The first thing I see is Solo, looking with intense focus at the iPad they use in lieu of an old-fashioned clipboard medical chart. It’s not the concentration of someone trying to make sense of something he doesn’t understand. It’s the concentration of a guy confirming something he already suspected.
He hears me moving. The iPad is back in the slot at the foot of my bed and he’s smiling at me. Covering up. Looking innocent.
I think: Strange boy I really don ’t know, don ’t you realize nothing is more suspicious than an innocent look ?
Before I can say anything, Solo slips out the door. Seconds later, a nurse arrives. I haven’t seen her before, so I figure she must be part of the evening shift.
I close my eyes, pretending to sleep. I’m not in the mood to chat.
She checks the bandage on my leg.
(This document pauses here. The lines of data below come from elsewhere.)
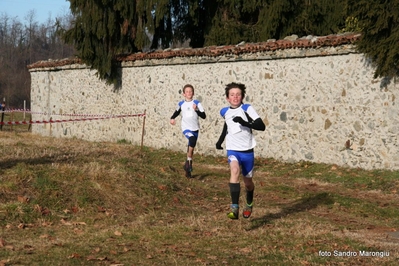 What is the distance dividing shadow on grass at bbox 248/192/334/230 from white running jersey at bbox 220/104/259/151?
1.10 m

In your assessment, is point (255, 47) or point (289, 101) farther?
point (255, 47)

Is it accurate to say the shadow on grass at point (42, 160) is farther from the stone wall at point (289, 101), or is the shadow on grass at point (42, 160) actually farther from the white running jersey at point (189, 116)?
the stone wall at point (289, 101)

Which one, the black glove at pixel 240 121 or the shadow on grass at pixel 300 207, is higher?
the black glove at pixel 240 121

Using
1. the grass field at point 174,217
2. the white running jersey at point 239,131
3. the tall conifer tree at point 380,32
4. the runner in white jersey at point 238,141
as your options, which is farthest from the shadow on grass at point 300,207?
the tall conifer tree at point 380,32

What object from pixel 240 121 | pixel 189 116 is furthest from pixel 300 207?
pixel 189 116

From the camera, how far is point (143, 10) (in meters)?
23.2

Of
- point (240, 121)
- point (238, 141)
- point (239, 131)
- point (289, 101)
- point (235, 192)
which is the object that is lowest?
point (235, 192)

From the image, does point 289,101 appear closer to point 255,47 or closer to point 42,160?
point 255,47

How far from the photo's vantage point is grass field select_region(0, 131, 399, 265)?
24.2ft

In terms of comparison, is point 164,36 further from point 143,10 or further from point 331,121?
point 331,121

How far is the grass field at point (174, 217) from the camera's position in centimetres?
738

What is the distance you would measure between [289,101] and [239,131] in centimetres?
798

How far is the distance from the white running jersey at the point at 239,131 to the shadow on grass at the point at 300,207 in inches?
43.4

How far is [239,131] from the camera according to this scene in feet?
29.5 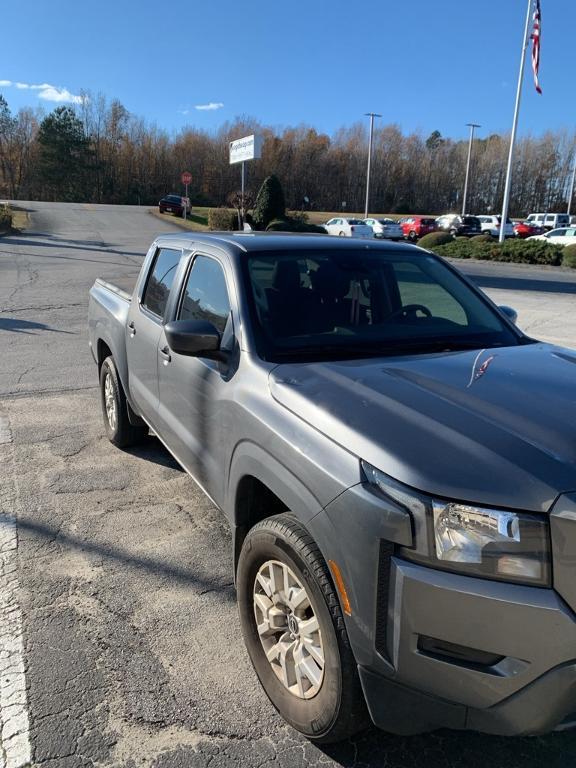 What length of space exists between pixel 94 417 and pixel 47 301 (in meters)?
8.12

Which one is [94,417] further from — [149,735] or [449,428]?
[449,428]

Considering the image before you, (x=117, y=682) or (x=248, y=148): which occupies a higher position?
(x=248, y=148)

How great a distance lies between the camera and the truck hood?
1.78 m

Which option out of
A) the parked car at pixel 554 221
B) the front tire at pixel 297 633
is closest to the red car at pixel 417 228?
the parked car at pixel 554 221

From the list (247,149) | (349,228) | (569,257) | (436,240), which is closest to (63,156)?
(247,149)

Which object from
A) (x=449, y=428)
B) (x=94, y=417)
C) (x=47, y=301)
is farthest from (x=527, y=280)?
(x=449, y=428)

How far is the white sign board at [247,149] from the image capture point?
3222 cm

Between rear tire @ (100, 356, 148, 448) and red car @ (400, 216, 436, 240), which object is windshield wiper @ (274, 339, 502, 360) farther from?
red car @ (400, 216, 436, 240)

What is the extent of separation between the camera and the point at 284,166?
335ft

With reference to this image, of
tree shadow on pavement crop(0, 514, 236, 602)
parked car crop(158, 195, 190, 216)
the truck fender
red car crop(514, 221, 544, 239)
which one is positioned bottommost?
tree shadow on pavement crop(0, 514, 236, 602)

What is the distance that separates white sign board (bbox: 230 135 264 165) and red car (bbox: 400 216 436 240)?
13498 millimetres

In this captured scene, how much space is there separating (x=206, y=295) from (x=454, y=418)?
6.02ft

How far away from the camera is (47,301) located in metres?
13.1

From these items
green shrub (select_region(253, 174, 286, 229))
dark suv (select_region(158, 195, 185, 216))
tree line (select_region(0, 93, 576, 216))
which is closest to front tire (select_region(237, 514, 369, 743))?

It’s one hell of a bandage. Gently she begins to cut away the tape and gauze and pressure mesh. It doesn’t hurt, but it doesn’t make me happy, either.
“Oh my God!” she says.
She has laid the flesh bare and her first thought is to call up a deity.
I risk a slit eye to see what horror she’s witnessed.
She’s not looking at my face. She’s staring down at my leg. And she’s not horrified, exactly.
She’s amazed. She’s moved. She’s seeing something she never expected to see and can’t quite believe is real.
I’m afraid to look, because I know that something must be very wrong.
Or, just possibly, very right.
SOLO
THE SPIKER COMPLEX has an amazing gym. Everyone is constantly nagged to stay in shape. I don’t need to be nagged and I don’t need to be coached. I need to be left alone.